Gorging on the Tree of Life

Ok so I left the house on the way to hub camp randomly around 11:00 am on Saturday.  Was going to leave later but I felt like that would make for a leisherly drive.   I wanted to have 3 hours of driving just percolating on the things of God and see what came of that.  As I drove I remembered through Hub Camp 2013 and at one point it hit me….  Just fell into my head….   Hub Camp is several days of giving a bunch of kids an opportunity to continuously eat from the Tree of Life.   A feast if you will and yes some gorge on it.  Some barely taste of it but that is where the change comes from… Eating from the Tree of Life.  

I began to think on this, thinking through all the Freedom Ministry concepts I have been exposed to in relation to the struggle of life of always faced with the choice to eat from the Tree of Knowledge of Good and Evil or this other wonderful tree…and just percolated on this all afternoon.  I arrived at Hub Camp, went around looking for my two girls taking selfies with as many friends as I could run into.  Sat with Brian Thompson for a couple of hours in the shade talking, mostly listening to him, but the earlier afternoons revelation just would not leave my mind.   We did not discuss this.

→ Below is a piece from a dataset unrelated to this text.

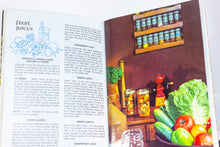Load image into Gallery viewer, Vintage Ball Blue Book Guide to Home Canning Preserving Freezing Recipes 1974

That evening as the worship played through, rather than get all bouncy into the music like the kids do I just closed my eyes at the back of the venue, talked to God, mostly spoke in tongues to myself, sometimes sang some of the words, hands clasped together, so into my moment, letting my mind wander through whatever thoughts wanted to flow through it.   I had begun to think on adults at VCC and them not having a couple of days where they could eat at the tree of life, feast.   I thought through all of the energy and efforts our church puts forth to do this for our kids but…. Our adults don’t have this choice unless they go somewhere else…  I thought through the beyond things we do, the potential of having nights of receiving and then I thought, our kids get this every Wednesday then we also give them this big feast also we call hub camp.  It takes more for them than these awesome nights even once a week how much more so for our adults who deal constantly with well adult stuff ?????

Then it hit me, a lot of these kids go home to something far less than this feast.  Some come to hub, camp wine and dine on the tree of life then go home to awful homes….  Leisha Claire and I have tried to work with some of these types of kids, we know some things about this.  Then it hit me even more, most of the kids go home to something less than this even the ones with good homes because very few parents that I know of put themselves into a situation to dine like this.

I thought on a lot of things but my overall vision was the core of what Kairos and any other immersion type experience is just that…eating from the tree of life in an environment where you for the most part just do not have the opportunity to eat from the other tree….. and you do this for at least a couple of days.

 And just maybe that is what we need to aim for.  We don’t aim for a Kairos we don’t aim for anything other than asking ourselves, what does God want our table to eat at look like.  Maybe we do something for the adults in May or June so that when they send their kids off in July those kids have more opportunities to come home to something that is more than now, where families get a boost from the first experience then another boost from Hub in a different way than can be done now….

Of course this will take another army,  a different army of volunteers and different set of staff….  It doesn’t have to include busses and traveling somewhere… It just needs to be built by looking at the question to God, what kind of table do you want us to build for our adults to feast at. 

I never let go of these thoughts even well into the next day all the way to Anna Maria Island.

So anyway that is my thoughts on this for now.